═══ Dataset content

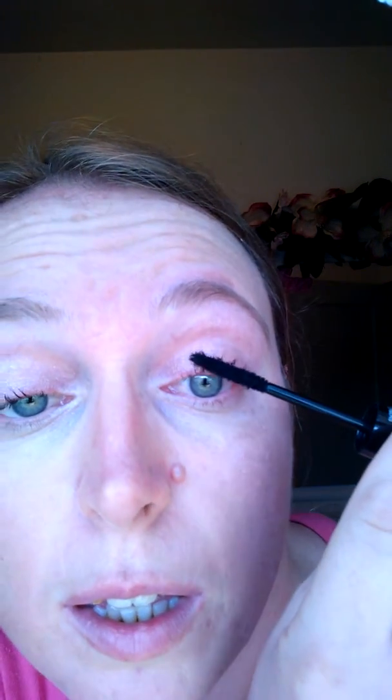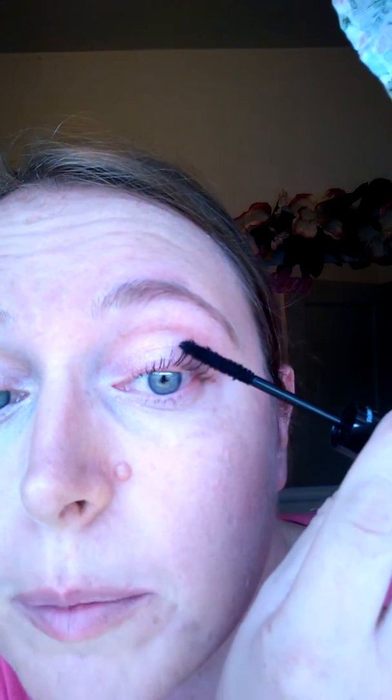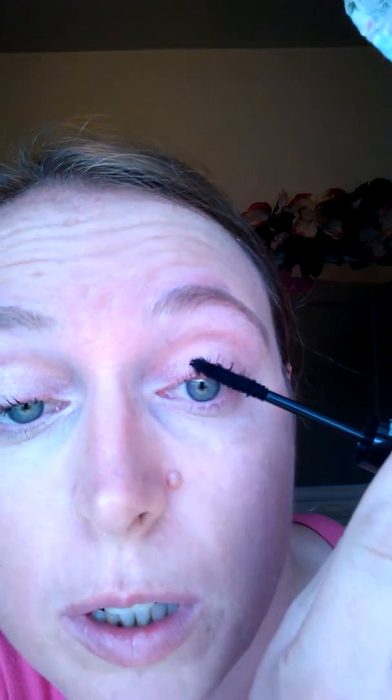Depending on how many coats you want to put on, the best thing to do is go from the middle of your lash upward. Do not get it near the roots because you can end up with flaking and it can get in your eye — and that's not what you want.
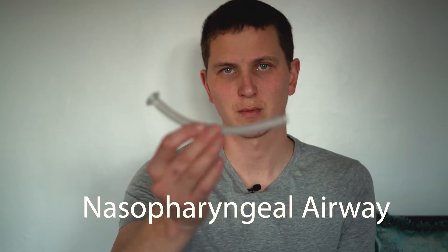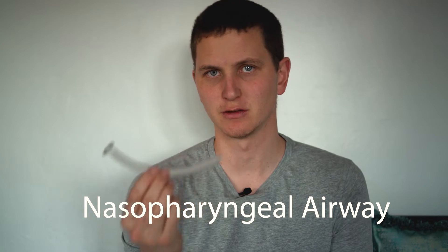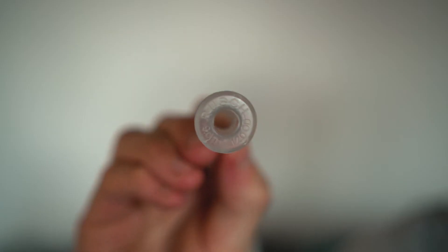What's up guys, so today we're going to be talking about an NPA, which stands for a nasopharyngeal airway. It is on the same spectrum as an OPA, so an oral pharyngeal airway. We're going to discuss what are the pros, what are the cons, and when you're going to use this — and I'm going to put it in myself.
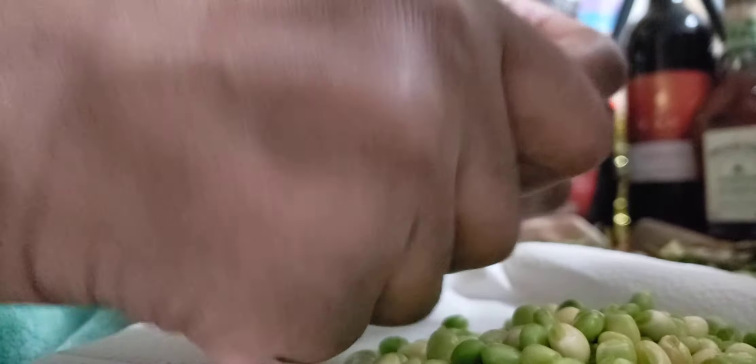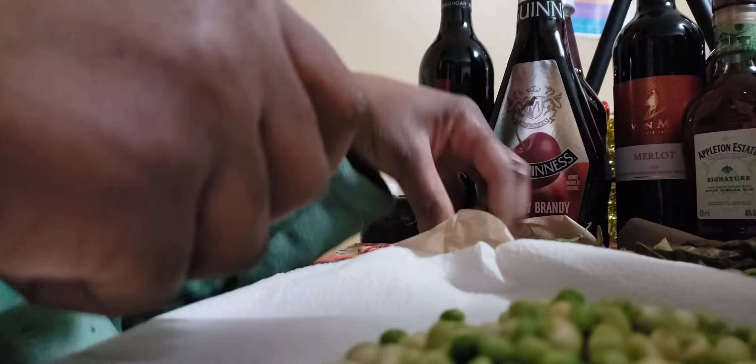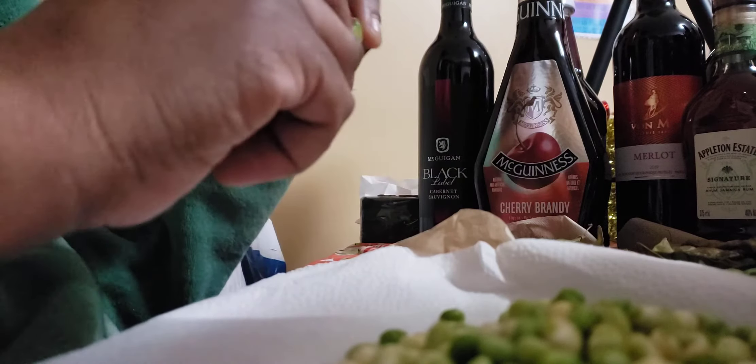I'm picking this gungu before they go bad, because gungu peas — especially the fresh ones in the pod — are costly. That's what I do.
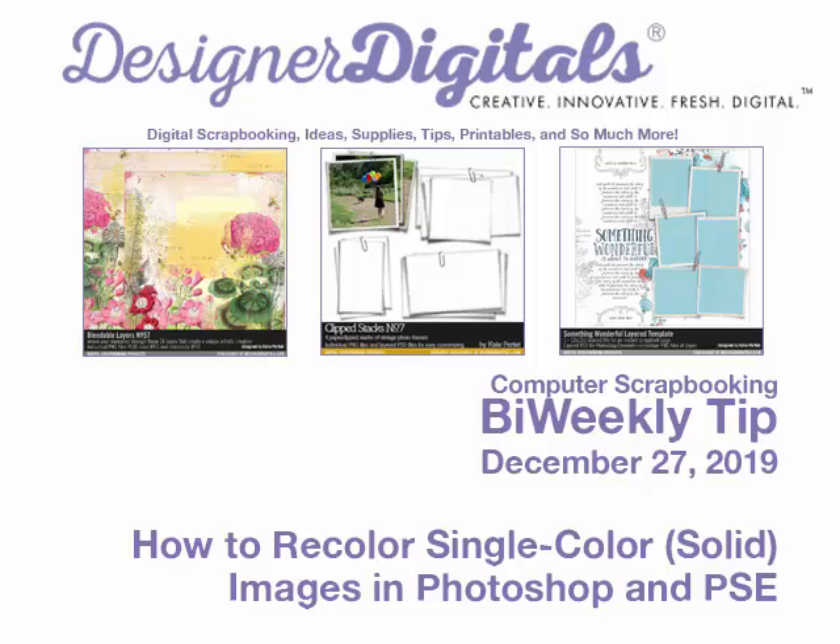Welcome to Designer Digital's Bi-Weekly Tip, December 27, 2019. This week: how to recolor single color or solid images in Photoshop and Elements.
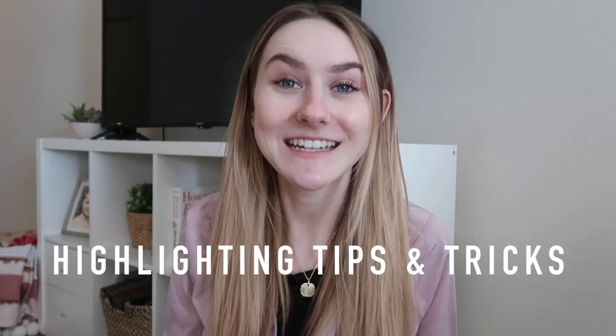Hi guys, what is up and welcome back to my channel. I cannot believe that it's 2022. 2021 was such a great year for so many reasons, but also a really hard year for a lot of other reasons. So I'm really excited for this year and to see where it takes us. Today's video is all about highlighting tips.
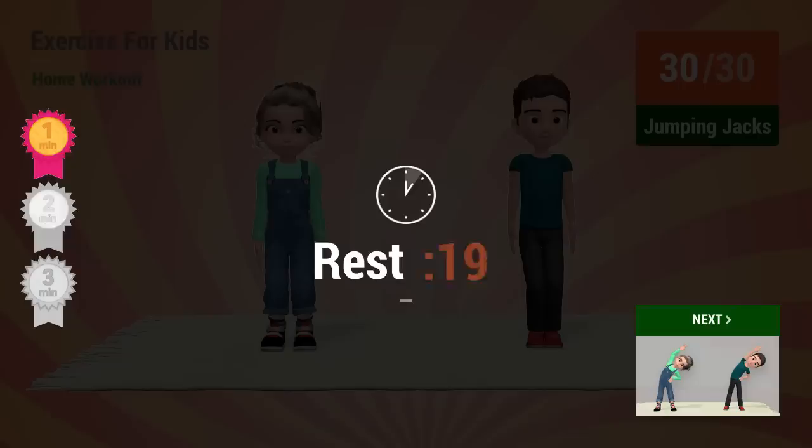Rest time. Good work. You're working out for 2 minutes already. Let's continue.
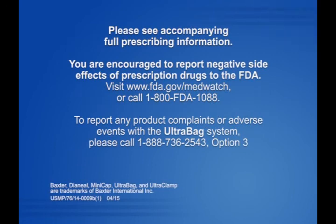Please see accompanying full prescribing information. You are encouraged to report negative side effects of prescription drugs to the FDA. Visit www.fda.gov/MedWatch or call 1-800-FDA-1088.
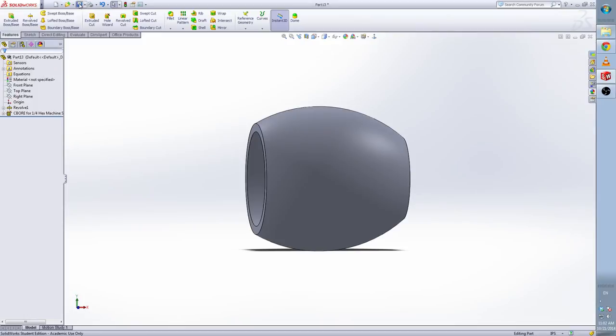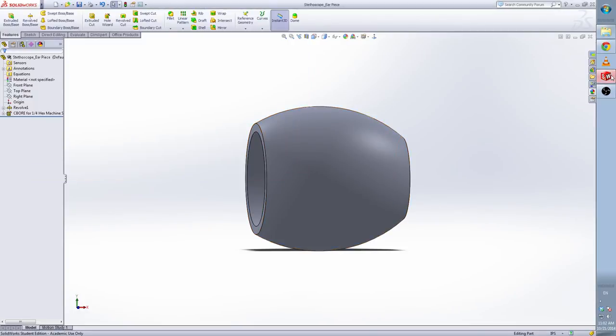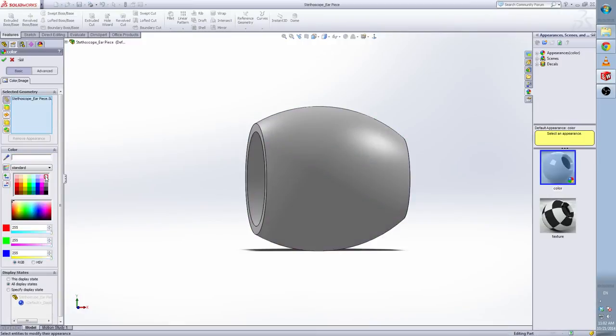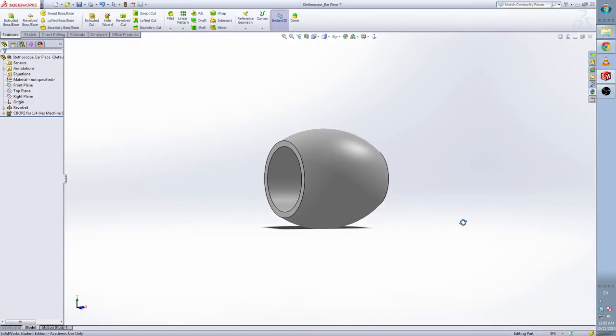Now we save this. The name is 'ear piece'. Change the color to white. Save.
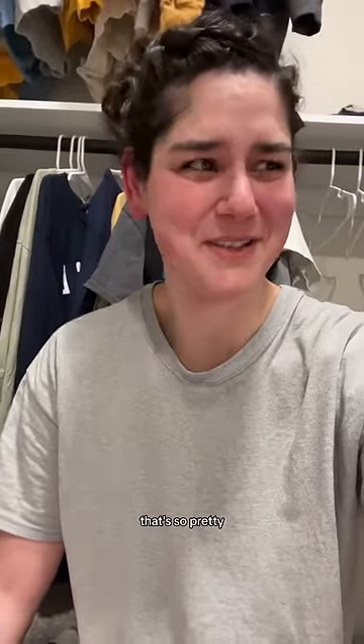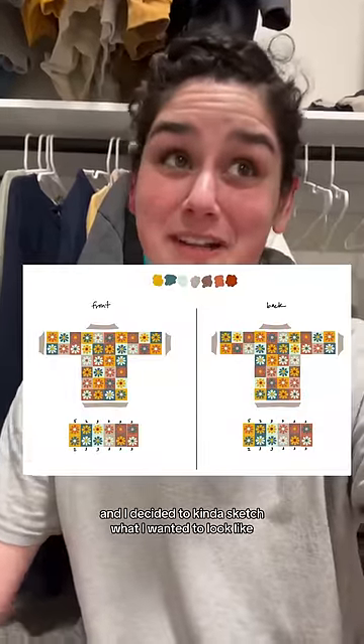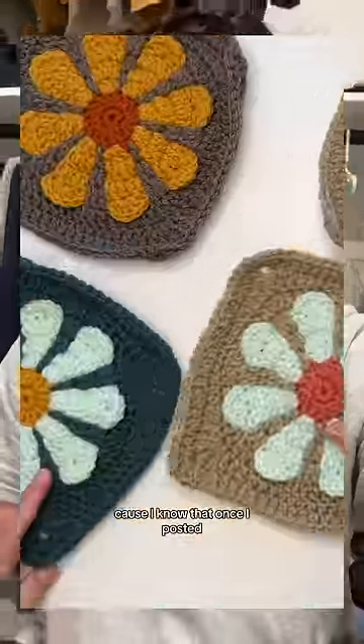I learned how to make this granny square and I'm really excited about it because it's really pretty. I was like, that's so pretty, I should make a sweater out of it. So I got my iPad out and decided to sketch what I wanted it to look like, then I got my camera out and decided to film a tutorial on the granny square, because I know that once I post it, people are going to be like, oh my gosh, how'd you make that granny square?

══════

Each line from the one holding "What's up guys, so" to the end of the records above must be copied exactly; the pictures must not be copied.

What's up guys, so today we're going to be talking about an NPA, which stands for a nasopharyngeal airway. It is on the same spectrum as an OPA, so an oral pharyngeal airway. We're going to discuss what are the pros, what are the cons, and when you're going to use this — and I'm going to put it in myself.
I'm picking this gungu before they go bad, because gungu peas — especially the fresh ones in the pod — are costly. That's what I do.
Welcome to Designer Digital's Bi-Weekly Tip, December 27, 2019. This week: how to recolor single color or solid images in Photoshop and Elements.
Hi guys, what is up and welcome back to my channel. I cannot believe that it's 2022. 2021 was such a great year for so many reasons, but also a really hard year for a lot of other reasons. So I'm really excited for this year and to see where it takes us. Today's video is all about highlighting tips.
Rest time. Good work. You're working out for 2 minutes already. Let's continue.
Please see accompanying full prescribing information. You are encouraged to report negative side effects of prescription drugs to the FDA. Visit www.fda.gov/MedWatch or call 1-800-FDA-1088.
Now we save this. The name is 'ear piece'. Change the color to white. Save.
I learned how to make this granny square and I'm really excited about it because it's really pretty. I was like, that's so pretty, I should make a sweater out of it. So I got my iPad out and decided to sketch what I wanted it to look like, then I got my camera out and decided to film a tutorial on the granny square, because I know that once I post it, people are going to be like, oh my gosh, how'd you make that granny square?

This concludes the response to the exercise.